Adding to Tesco’s worries is the fact that many American consumers are conditioned to the idea that”big is better”. While smaller stores maybe more personal and convenient, Americans are used to driving distances to large retail warehouses (think Costco, Walmart etc) and often value bulk buying and competitive pricing over convenience.

There is also strong competition from revamped Safeway stores and the continued excellence displayed by Trader Joes and Wholefoods that really understand their customer base.

So where does this leave Fresh and Easy? They still have time to reposition themselves and find their place in the market but Tesco’s shareholders are getting impatience so they will need to find out what American consumers value most about their store’s value proposition and turn up the volume!

Similarly to Home Depot in an earlier post, Tesco should have started smaller and not ramped up until they knew they were hitting their sweet spot.

A culture that is customer centric, starts with the customer, understands what frustrates them about the current market offerings, builds a solution, tests it, then scales it.

Can Fresh and Easy survive?

The surprising truth about what motivates us..

One of the team recently shared a really great presentation about what really motivates us.

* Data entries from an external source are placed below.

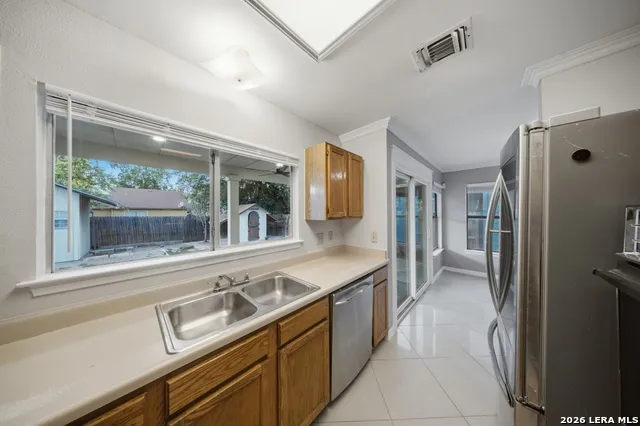 10207 Aurora Fld San Antonio, TX 78245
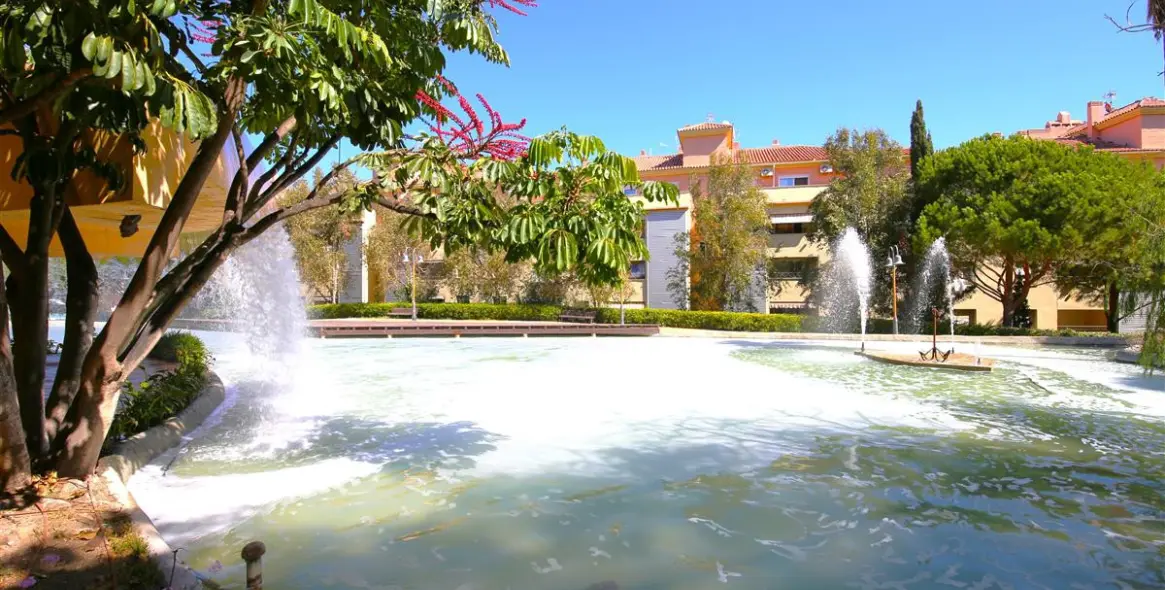 Short-term rent of middle floor apartment in Estepona 23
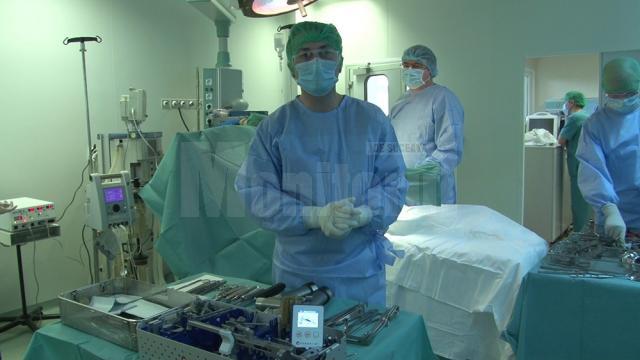 Chirurgii ortopezi suceveni i-au montat, ieri, un genunchi artificial unei femei din Botoşani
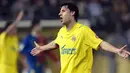Villarreal's Joan Capdevila reacts during their Spanish league football match against Barcelona at Madrigal Stadium in Villarreal on December 21,2008. AFP PHOTO/DIEGO TUSON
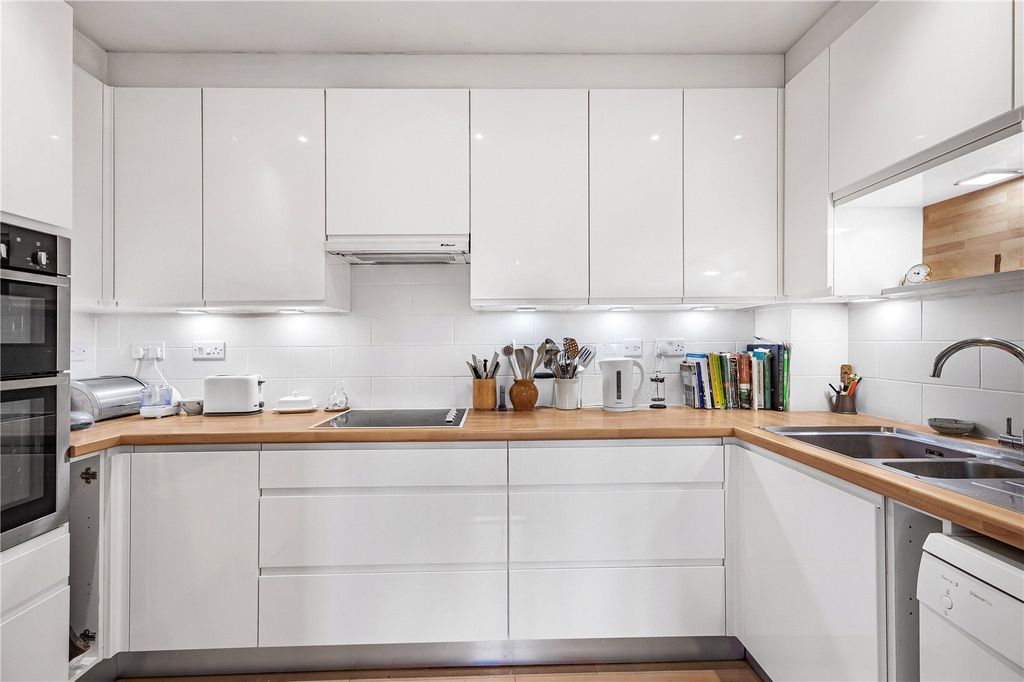 Additional image 5 of 3 bed flat for saleThe Cloisters, Pegasus Grange OX1.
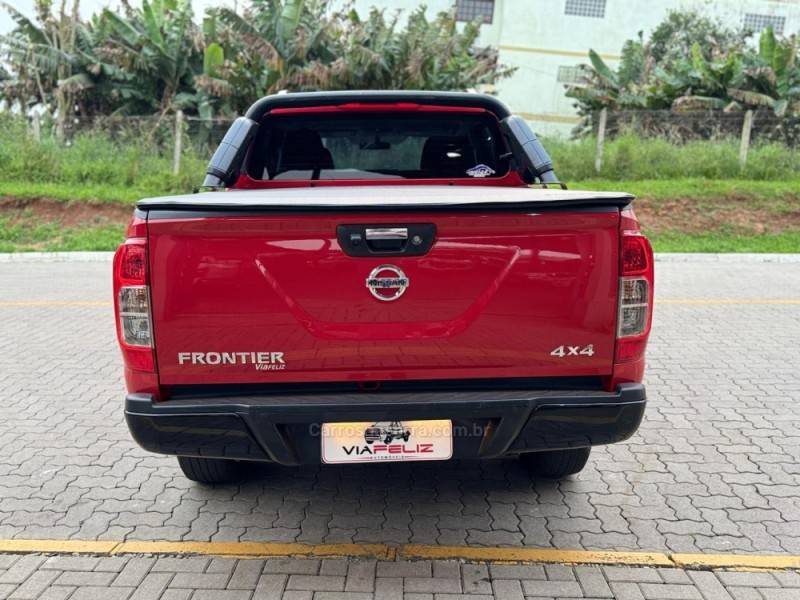 NISSAN - FRONTIER - 2021/2022 - Vermelha - R$ 174.990,00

The talk, by Dan Pink explores the real drivers of motivation for knowledge workers, that is, people in roles that require them to think critically and creatively about how to get things done.

He gives a number of examples from research. One surprising conclusion is that financial rewards work well for “mechanical tasks” but not for tasks that require more than “rudimentary” thinking. In fact when rewards were provided for more complex tasks, teams provided with the largest reward to succeed performed worse than those with little incentive!

It sounds counter intuitive but in my experience it really does rings true.

If we think about organizations that are really successful, they are not focused on massive financial rewards, they are focused on providing something that is really valuable for their customers. In fact many of today’s really successful firms are still trying to work out their business models, think Facebook and twitter…. they are still only focused on delivering value for customers.

Dan identified three factors were found to drive individual performance:

  1. Automony/Self Direction – the ability to choose how you spend your time
  2. Mastery – the satisfaction that comes with mastering a skill, developing an expertise
  3. Purpose – understanding the broader purpose and how your work contributes to that purpose.

There are parallels with our research into organizational culture. We have found 7 core behaviors that drive business performance and separate average firms from really great organizations.

I can relate them to Dan’s model for individual motivational drivers as follows:

  1. Autonomy is really about empowerment in an organizational culture setting
  2. Mastery – this is really about getting better, getting better requires feedback and insight. In our case getting better is faciliated by gaining customer, competitor and business environment insights
  3. Purpose – again in an organizational setting this is about vision, why do we exist and what do we want to be when we grow up as an organization? This is the factor we call strategic alignment.